Essaouira, la belle ensorceleuse
Par Marie-Noëlle Hervé
AU FOND D'UNE ÉCHANCRURE DE LA CÔTE MAROCAINE, ESSAOUIRA, L'ANCIENNE MOGADOR, SEMBLE S'ÊTRE ASSOUPIE DANS UN RÊVE SANS FIN FACE À L'OCÉAN. On y flâne le nez au vent, du port toujours animé jusque dans les ruelles de la ville close, serrée dans son enceinte crènelée. À la découverte de ses secrets...
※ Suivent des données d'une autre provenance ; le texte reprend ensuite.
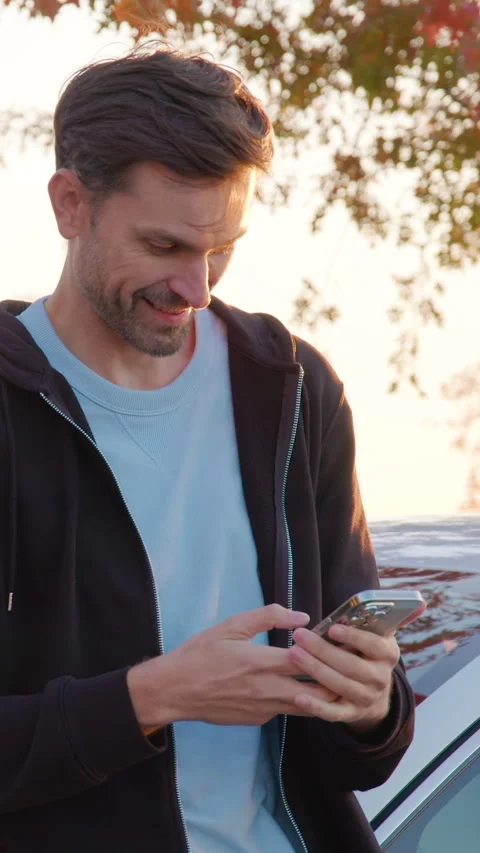Man using smartphone to unlock carsharing service, standing beside vehicle Stock Footage 318475201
Émergeant de sa ceinture de remparts, Essaouira semble flotter comme un mirage blanc et bleu au-dessus des vagues de l’Atlantique. En foulant les pavés de cette paisible cité océane, repliée sur sa presqu’île granitique et balayée sans relâche par le vent alizé venu du large, on songe un instant à Saint-Malo. Mais, dans les rues, les hommes en djellaba et les femmes, blancs fantômes drapés dans leur haïk, ont tôt fait de dissiper cette illusion. Au XVIe siècle, les Portugais édifièrent au fond de cette baie une forteresse qu’ils baptisèrent Mogador. Il n’en reste aujourd’hui qu’une ruine démantelée, échouée sur le sable, et ce nom lyrique, que la ville conserva jusqu’à l’indépendance du Maroc, en 1956, avant d’être rebaptisée Essaouira, « la bien dessinée ».
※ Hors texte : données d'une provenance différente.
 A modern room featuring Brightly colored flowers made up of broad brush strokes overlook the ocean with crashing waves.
Essaouira n’est pas une ville antique. La cité fut fondée en 1764 par le sultan alaouite Sidi Mohamed Ben Abdellah, qui souhaitait voir s’élever la plus belle ville de son règne. Pour son plan, il fit appel à un ingénieur français, émule de Vauban, Nicolas Théodore Cornut. L’urbanisme est donc dans le goût européen, avec des rues au tracé rectiligne, enfermées derrière une double muraille crénelée. Mais il s’est produit un miracle. La population arabe et berbère, portée au secret et à la pudeur, a réussi à donner à cette rigoureuse ordonnance une allure de labyrinthe chargé de mystère.
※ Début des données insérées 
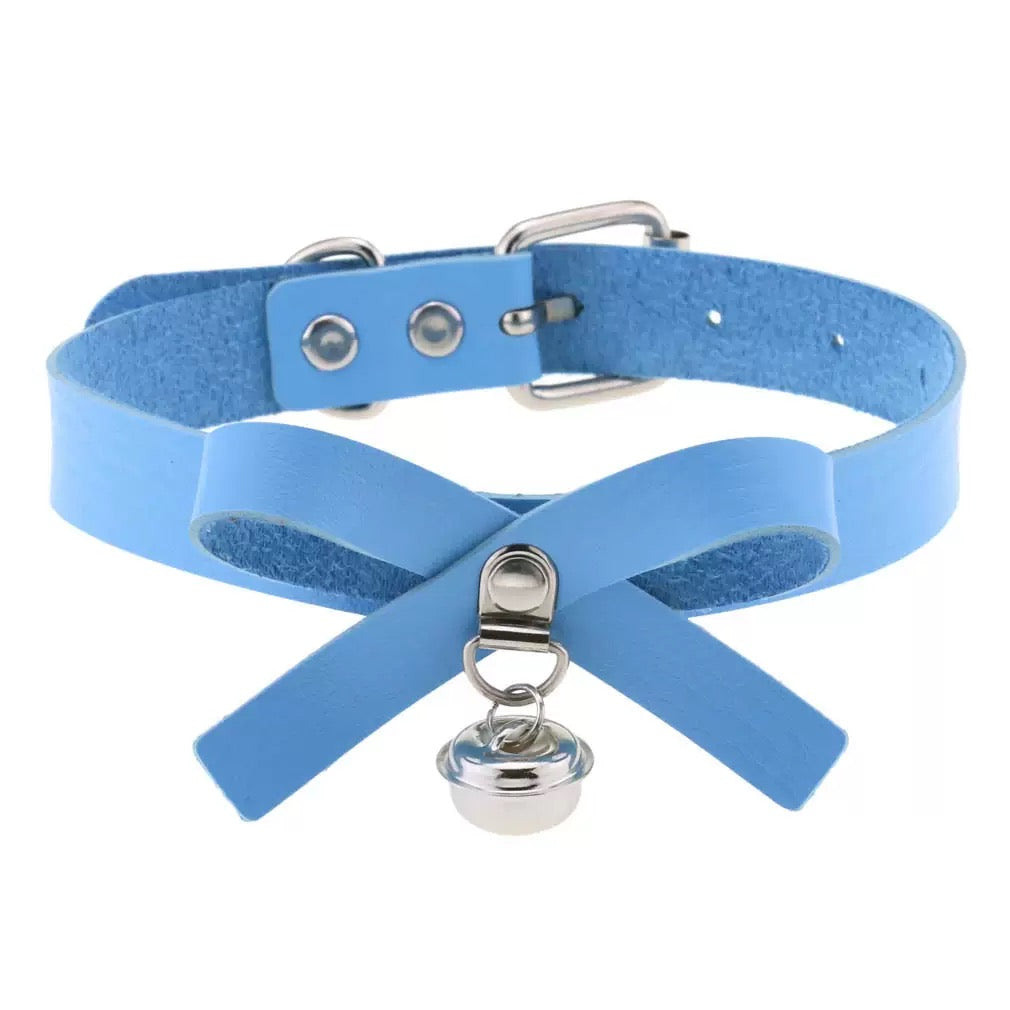 Blue leather choker with silver hardware and a bell on a white background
C’est tôt le matin qu’il faut aller flâner hors les murs, lorsque la flottille colorée des chalutiers rentre au port. Sur le quai, il vente comme à la Pointe du Raz. Insensibles aux bourrasques, les marchands grillent les sardines fraîchement débarquées sur des braseros en plein air, harcelés par d’insolents goélands volant en rase-mottes au-dessus de leurs têtes. Dans le chantier naval voisin, les charpentiers taillent les membrures de bateaux neufs. Cela sent bon le bois frais. Intra-muros, Essaouira affiche un charme provincial, un peu suranné. Sur la place principale Moulay Hassan, les habitués tiennent salon à la terrasse du Café de France en échangeant les derniers potins du jour.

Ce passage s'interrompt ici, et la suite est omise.